The test cluster can be removed, but try to keep it in production, as it is the most friendly way for future reviews.

translator_bot · June 25, 2024, 1:12pm

| username: TiDBer_QKDdYGfz | Original post link

I don’t think it’s necessary to shut it down. If it’s to avoid affecting the performance of the service itself, deploying separately is a good choice.

translator_bot · June 25, 2024, 1:12pm

| username: zhaokede | Original post link

If resources are not very tight, there’s no need to do this.
These tools are just little helpers for operations and maintenance.

translator_bot · June 25, 2024, 1:12pm

| username: 霸王龙的日常 | Original post link

There is no need to turn them off; the benefits of disabling these components are minimal.

translator_bot · June 25, 2024, 1:12pm

| username: TIDB-Learner | Original post link

If it has reached the point where you want to scale down the monitoring plugins to free up resources, you should actually talk to your boss about adding another server.

translator_bot · June 25, 2024, 1:12pm

| username: vincentLi | Original post link

Add more memory. Memory is so cheap now~

translator_bot · June 25, 2024, 1:12pm

| username: zhaokede | Original post link

It may not necessarily be memory; it could also be computing resources.

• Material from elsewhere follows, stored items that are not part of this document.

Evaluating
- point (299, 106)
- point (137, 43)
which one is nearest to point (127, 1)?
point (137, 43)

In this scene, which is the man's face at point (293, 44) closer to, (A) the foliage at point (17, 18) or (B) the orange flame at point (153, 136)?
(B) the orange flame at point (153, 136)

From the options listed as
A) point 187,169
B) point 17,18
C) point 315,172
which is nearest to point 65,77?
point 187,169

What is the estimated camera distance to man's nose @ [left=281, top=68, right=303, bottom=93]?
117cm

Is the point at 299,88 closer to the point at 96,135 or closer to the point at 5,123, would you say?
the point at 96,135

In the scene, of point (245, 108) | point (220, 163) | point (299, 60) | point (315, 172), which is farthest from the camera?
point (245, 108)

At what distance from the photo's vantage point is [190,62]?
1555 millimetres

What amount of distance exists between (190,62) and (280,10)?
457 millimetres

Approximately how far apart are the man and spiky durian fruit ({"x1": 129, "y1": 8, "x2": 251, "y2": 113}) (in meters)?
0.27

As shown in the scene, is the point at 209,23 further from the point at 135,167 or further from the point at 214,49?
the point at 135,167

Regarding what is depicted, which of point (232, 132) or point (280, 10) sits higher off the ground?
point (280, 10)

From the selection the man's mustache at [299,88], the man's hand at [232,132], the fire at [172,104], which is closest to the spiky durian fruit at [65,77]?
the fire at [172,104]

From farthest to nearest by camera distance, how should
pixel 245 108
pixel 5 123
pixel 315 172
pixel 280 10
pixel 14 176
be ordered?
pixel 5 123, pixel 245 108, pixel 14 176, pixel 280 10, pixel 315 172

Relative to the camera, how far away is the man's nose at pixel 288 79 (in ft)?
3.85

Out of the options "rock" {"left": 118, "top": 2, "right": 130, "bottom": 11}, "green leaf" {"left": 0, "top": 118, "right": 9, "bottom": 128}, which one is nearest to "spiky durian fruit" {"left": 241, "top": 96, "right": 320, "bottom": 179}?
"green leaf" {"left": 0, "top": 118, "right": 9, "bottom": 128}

translator_bot · June 25, 2024, 1:12pm

| username: 舞动梦灵 | Original post link

This is a comprehensive monitoring system. If you don’t use this monitoring, you won’t have clear service data information for TiDB. Moreover, your issue is that TiDB, PD, TiKV, and TiMon are all on one machine? This is inherently unreasonable and will naturally consume a lot of memory. The normal plan should be one machine for TiMon, three machines for TiDB, three machines for PD, and three or more machines for TiKV.

translator_bot · June 25, 2024, 1:12pm

| username: zhanggame1 | Original post link

You can directly scale down, but some data on the dashboard is also obtained from Prometheus. If it’s not available, it won’t be displayed.

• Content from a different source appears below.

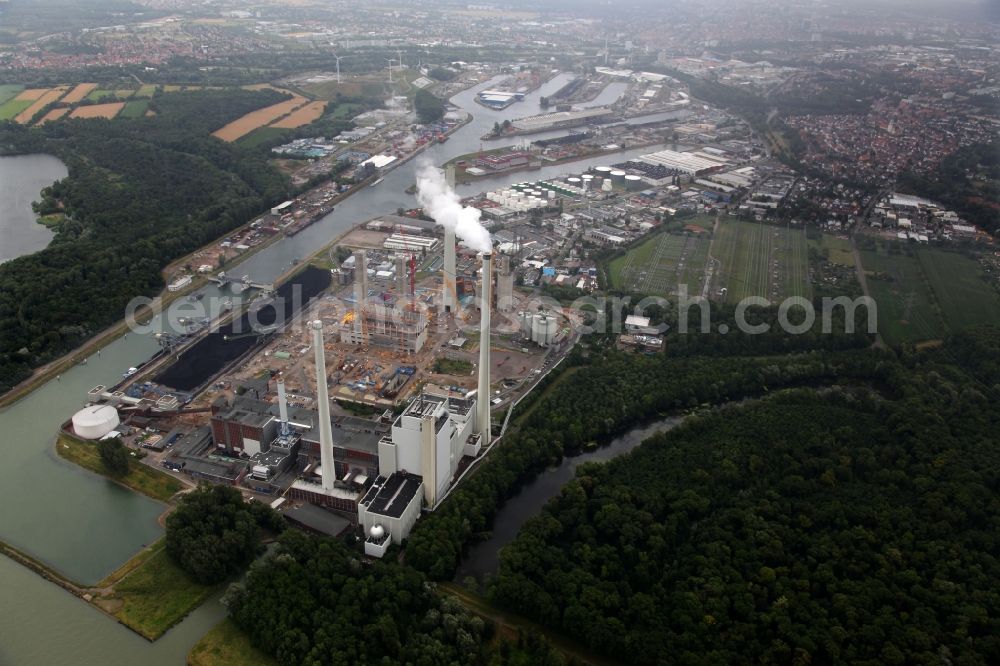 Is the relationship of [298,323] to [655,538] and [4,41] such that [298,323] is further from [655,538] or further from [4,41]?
[4,41]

translator_bot · June 25, 2024, 1:12pm

| username: 呢莫不爱吃鱼 | Original post link

It is possible, but not recommended. It lacks the means and basis for querying issues.

translator_bot · August 9, 2024, 3:20am

| username: 健康的腰间盘 | Original post link

It is possible to scale down, but it is not highly recommended.

translator_bot · August 9, 2024, 3:20am

| username: tony5413 | Original post link

In the test environment, stop it first in case it is needed later. Use tiup cluster stop tidb-test -N xxx.xxx.xxx.xxx:3000 and tiup cluster stop tidb-test -N xxx.xxx.xxx.xxx:9093. You can try shutting down Grafana and Alertmanager, but Prometheus cannot be shut down as the dashboard retrieves data from Prometheus.

translator_bot · August 9, 2024, 3:20am

| username: Kongdom | Original post link

Sure, but it’s not recommended

translator_bot · August 9, 2024, 3:20am

| username: TiDBer_LM | Original post link

In a test environment, it doesn’t matter, but in a production environment, it’s better to keep it on. Otherwise, how will the operations team manage?